--- START ---
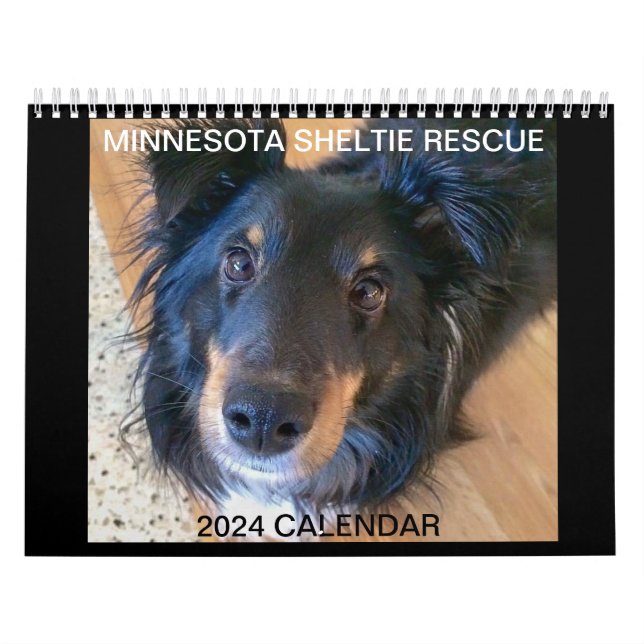 MINNESOTA SHELTIE RESCUE 2024 CALENDAR (Cover)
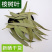 桉树叶大叶桉大桉树叶橡树叶桉叶中药材批发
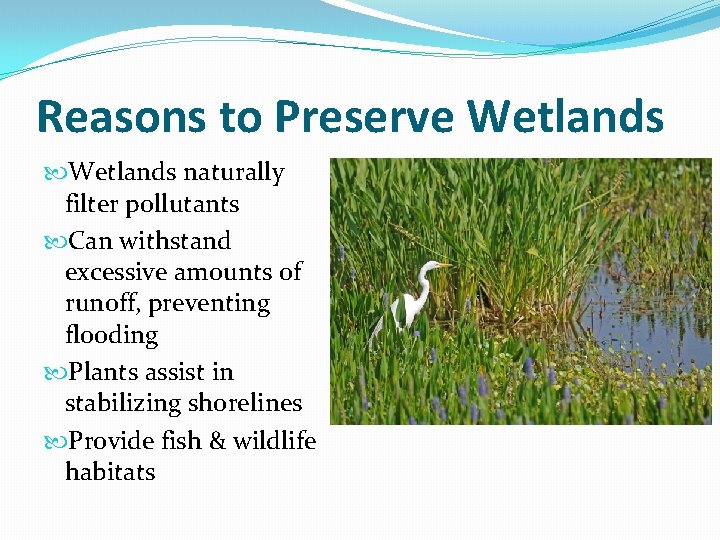 Reasons to Preserve Wetlands naturally filter pollutants Can withstand excessive amounts of runoff, preventing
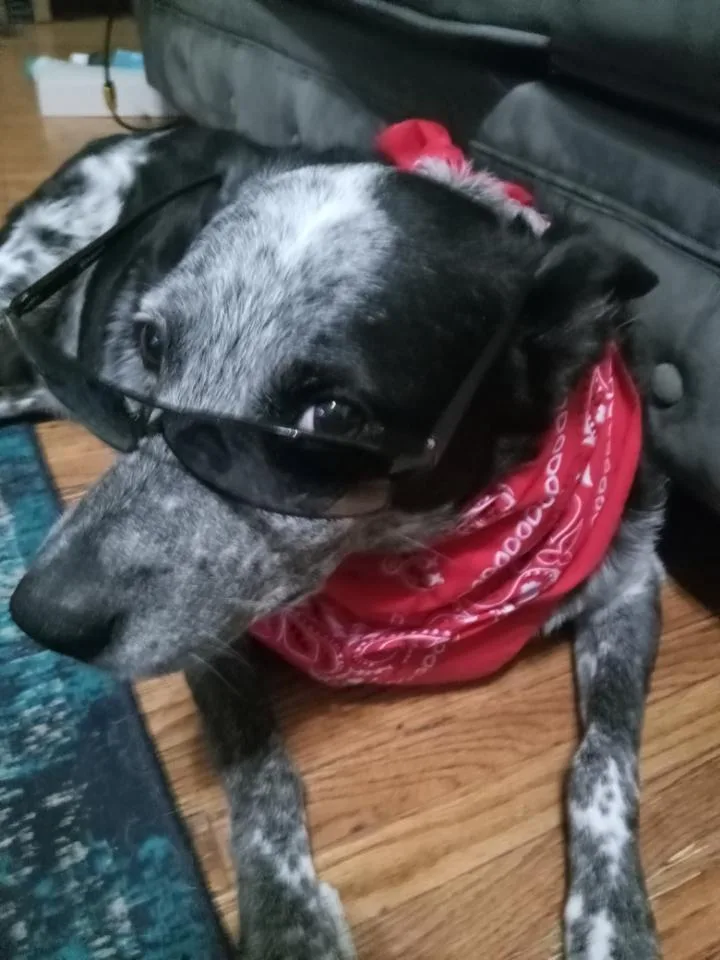 A black and white spotted dog lies on a wooden floor, wearing black-rimmed glasses pushed up onto its head and a red bandana…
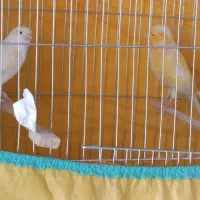 قناری نر و ماده معاوضه با گلدین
--- END ---
Print nothing except the lines from the one with "A black and" through the last line of the listing, exactly as written and with pictures removed.

 A black and white spotted dog lies on a wooden floor, wearing black-rimmed glasses pushed up onto its head and a red bandana…
 قناری نر و ماده معاوضه با گلدین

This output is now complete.